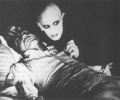 Jonathan Harker (Bruno Ganz) ist seinem Gastgeber Dracula (Klaus Kinski) ausgeliefert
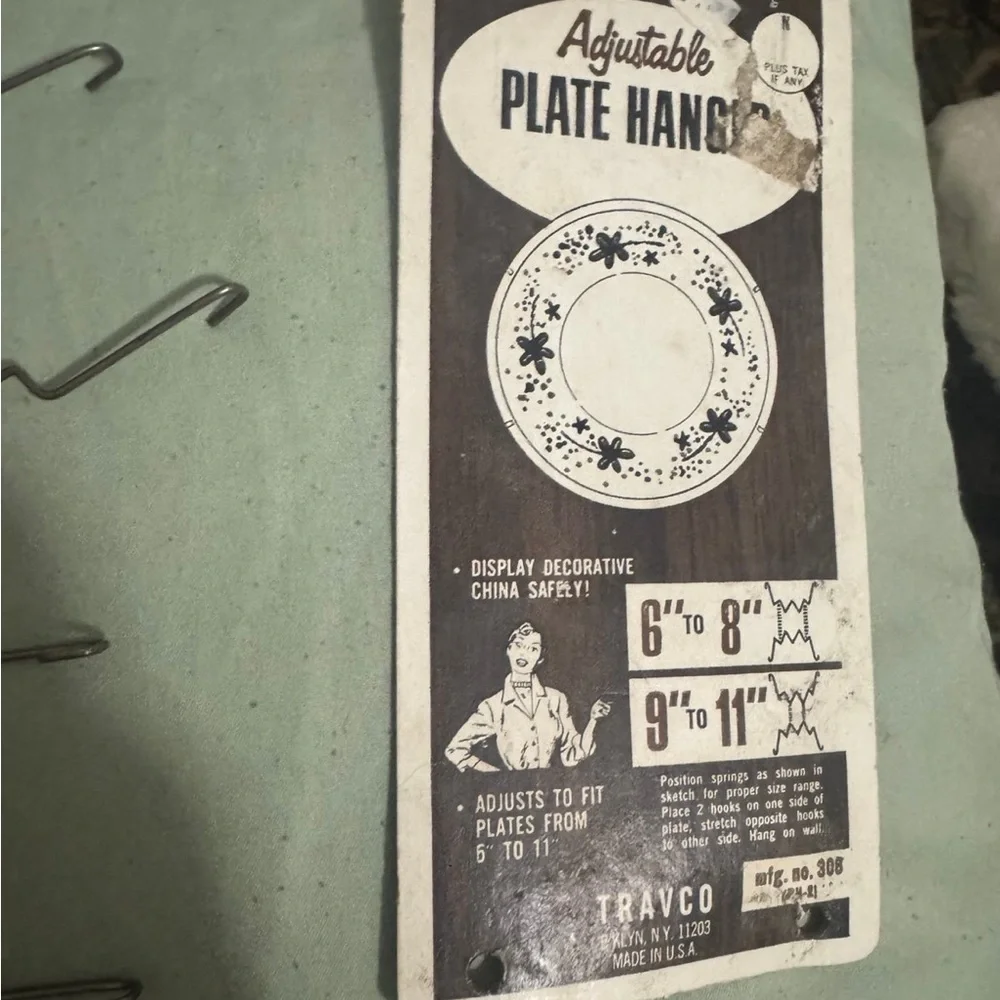 2 gold Wall Decor plate hangers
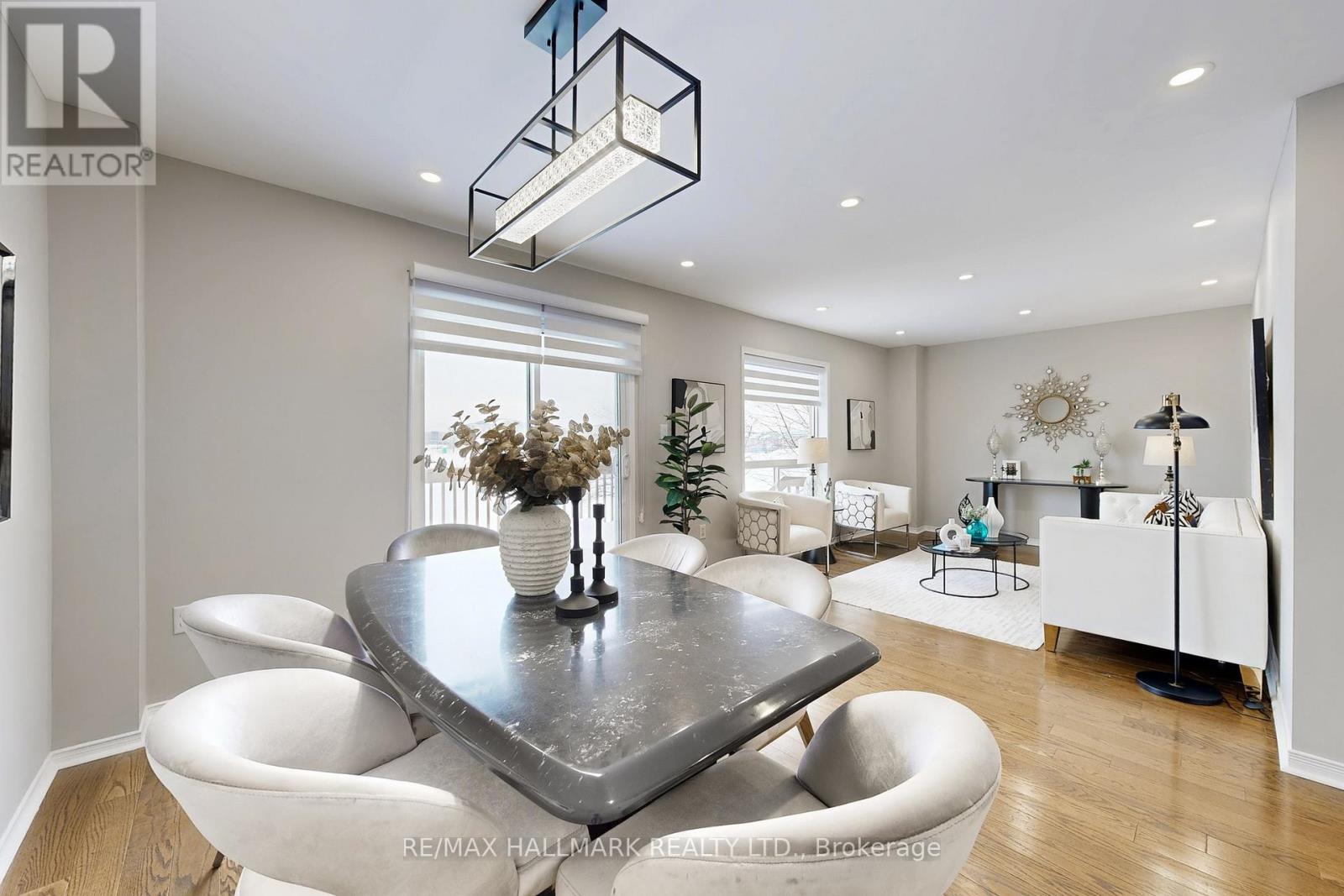 129 Knapton Drive, Newmarket, Ontario  L3X 3B4 - Photo 6 - N12795068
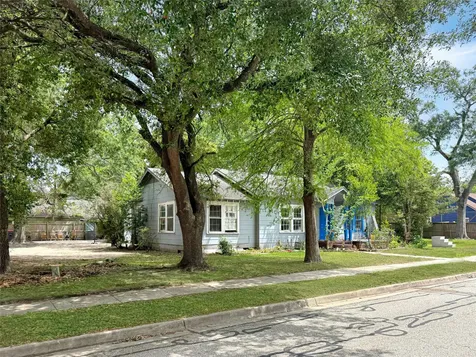 502 E Fayle Street Baytown TX 77520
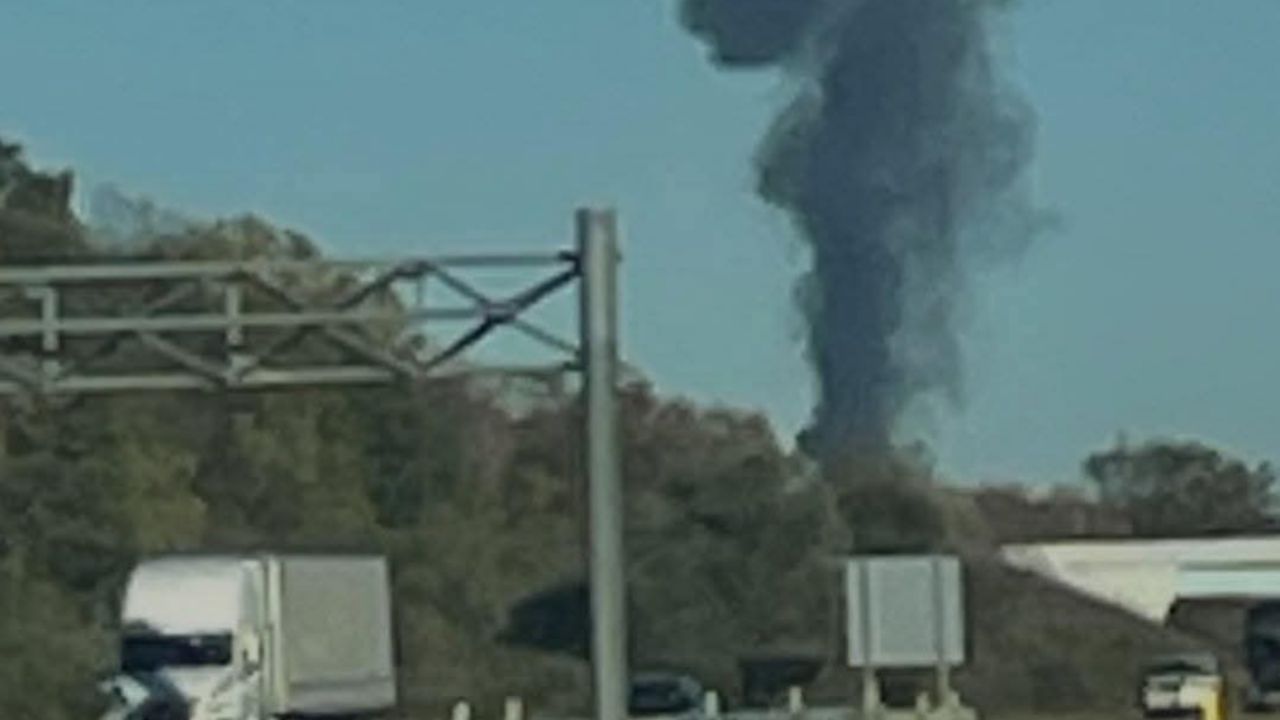 VIDEOS Y FOTOS: Tres mexicanos mueren en accidente aéreo en Michigan, EU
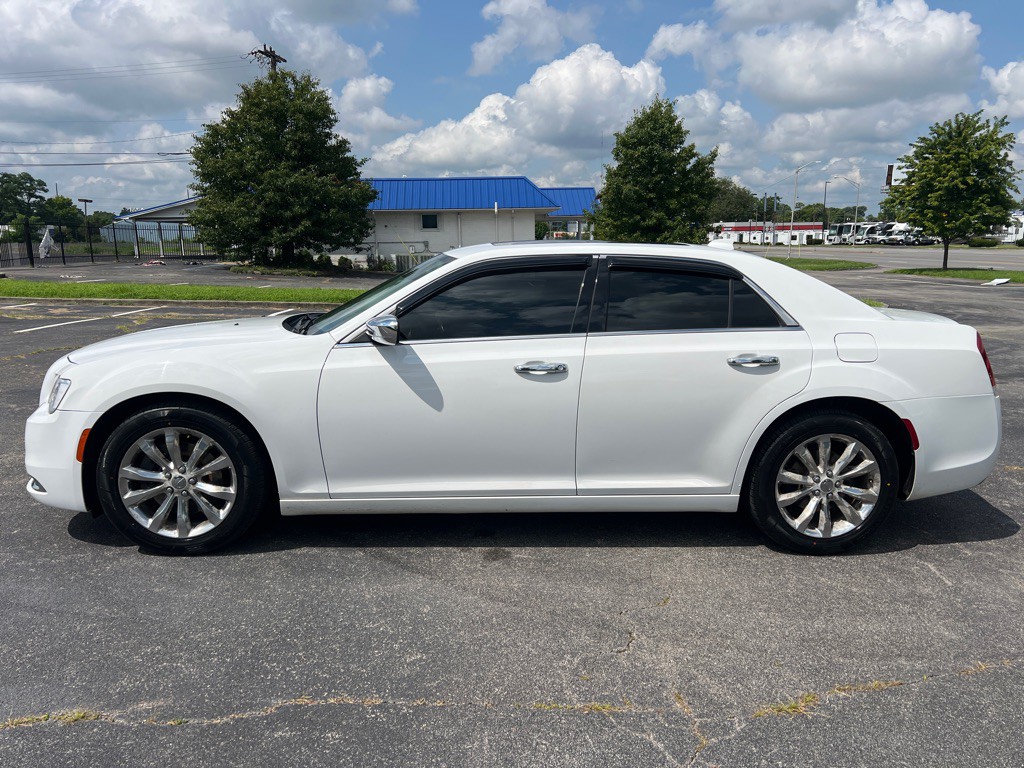 2016 Chrysler 300 Image 4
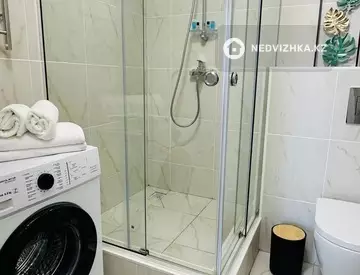 2-комнатная квартира, этаж 7 из 16, 52 м², посуточно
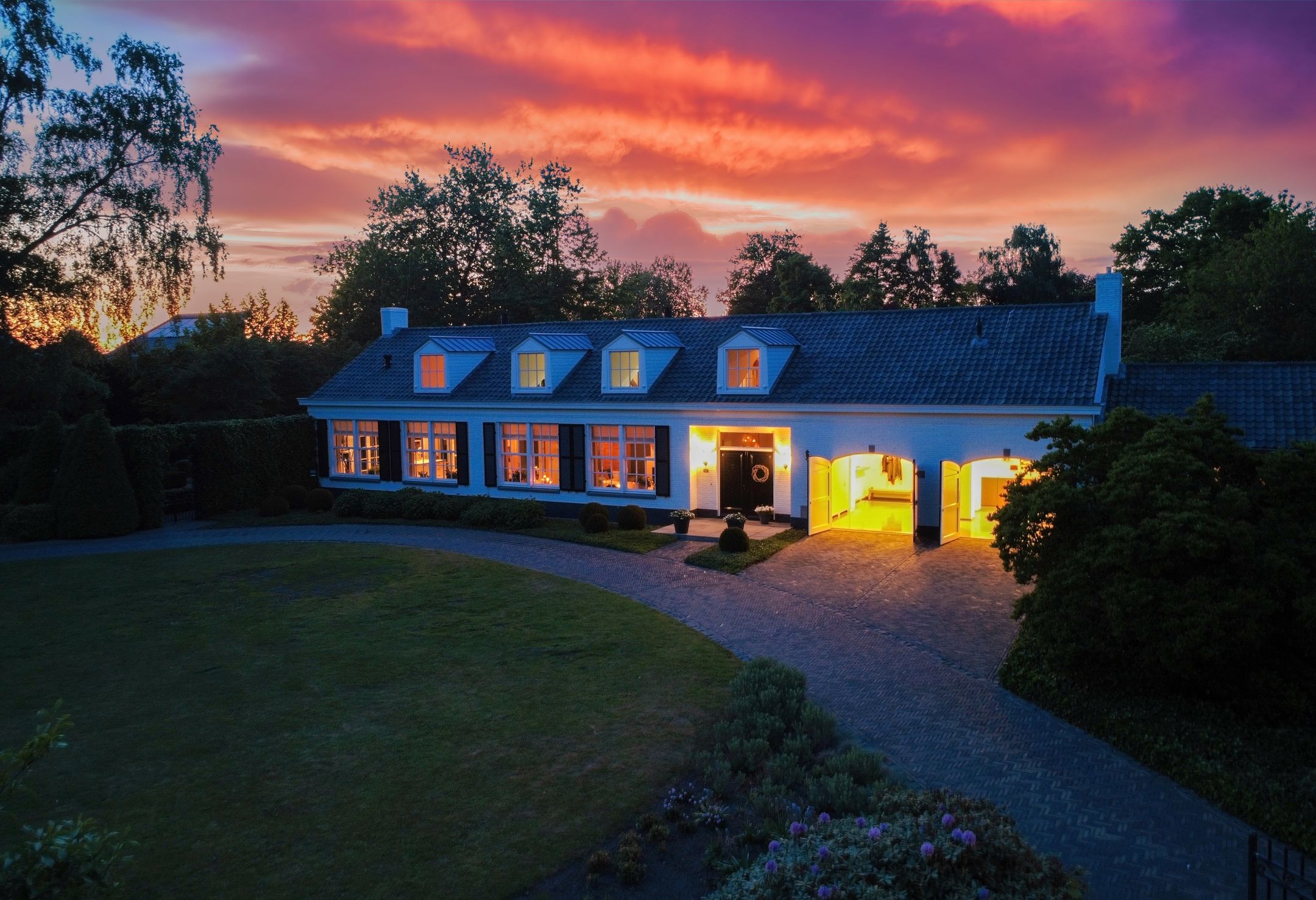 Photo 36 of Grotestraat 60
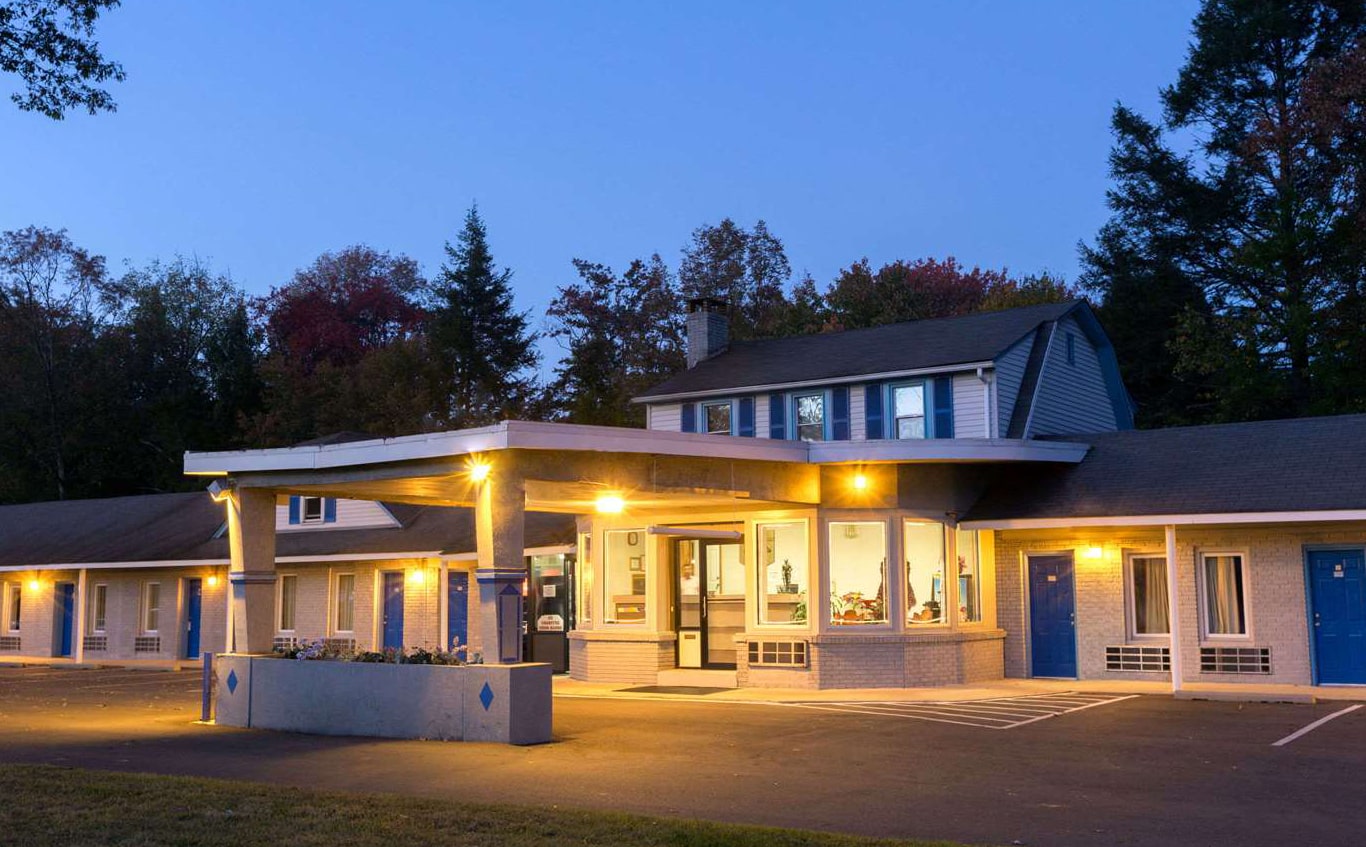 Night Lodge
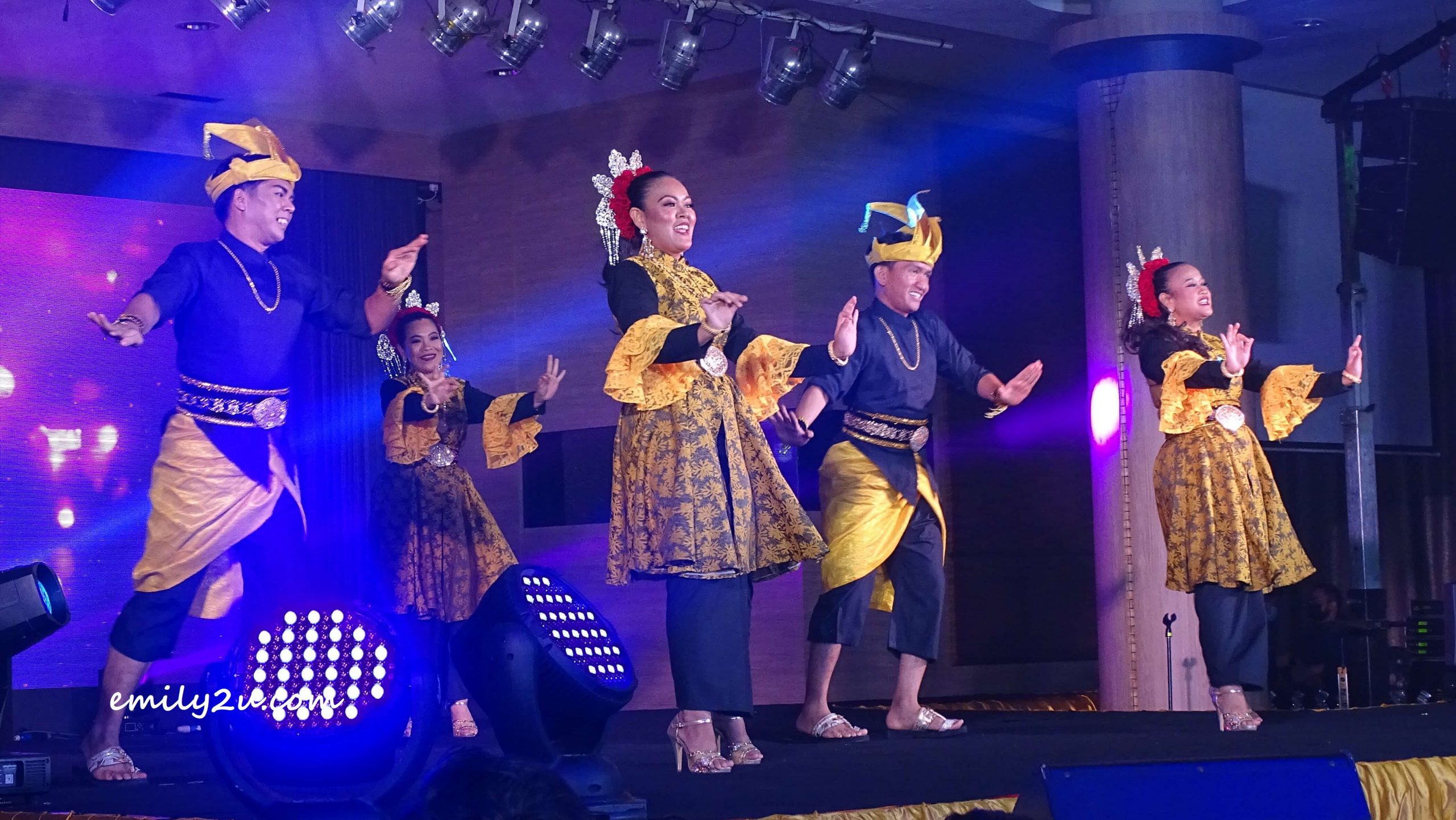 cultural entertainment by Jabatan Kebudayaan dan Kesenian Negara Perak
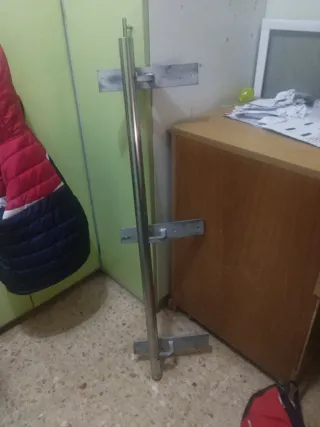 Barra , barandilla .para ayuda a personas mayores.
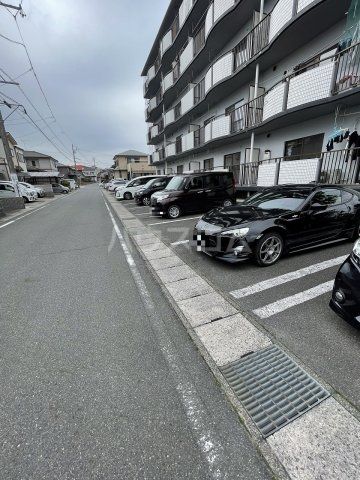 【サンポール幸和の駐車場】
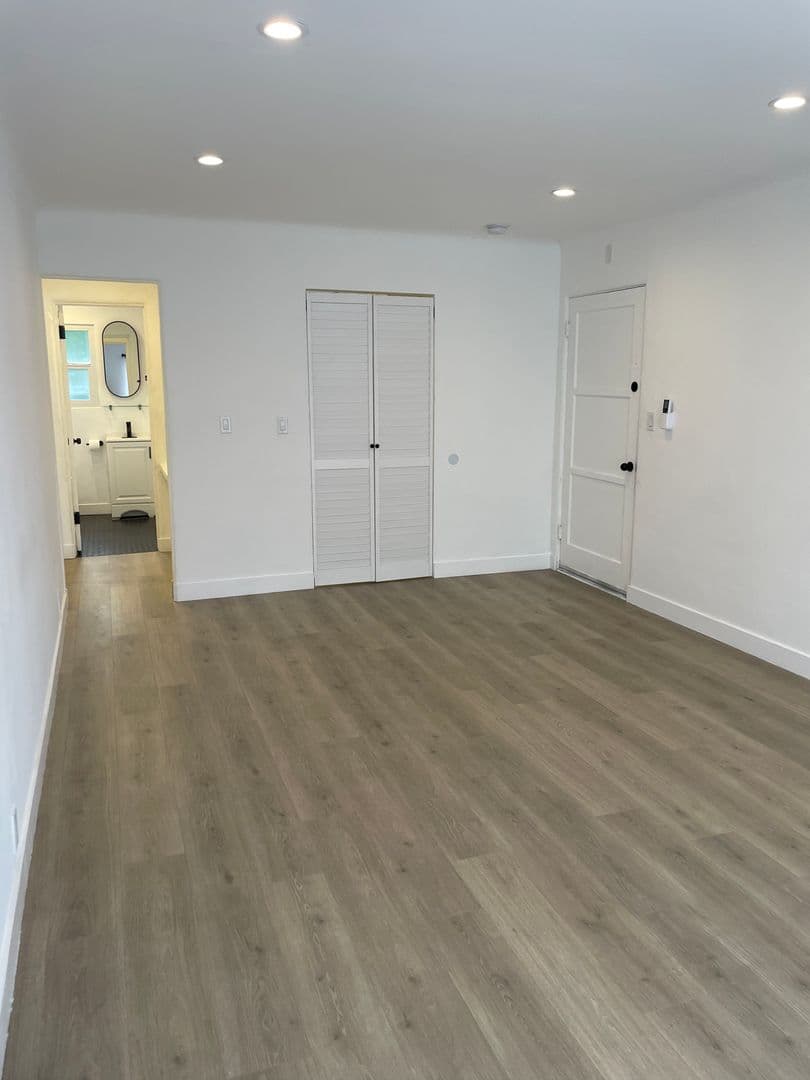West Hollywood Apartment: 1250-1258 N. Orange Grove Avenue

Required work:
Leave the pictures out. Transcribe exactly the lines from the one with "129 Knapton Drive, Newmarket, Ontario" through the end of the records.

Solution for this problem:
 129 Knapton Drive, Newmarket, Ontario  L3X 3B4 - Photo 6 - N12795068
 502 E Fayle Street Baytown TX 77520
 VIDEOS Y FOTOS: Tres mexicanos mueren en accidente aéreo en Michigan, EU
 2016 Chrysler 300 Image 4
 2-комнатная квартира, этаж 7 из 16, 52 м², посуточно
 Photo 36 of Grotestraat 60
 Night Lodge
 cultural entertainment by Jabatan Kebudayaan dan Kesenian Negara Perak
 Barra , barandilla .para ayuda a personas mayores.
 【サンポール幸和の駐車場】
West Hollywood Apartment: 1250-1258 N. Orange Grove Avenue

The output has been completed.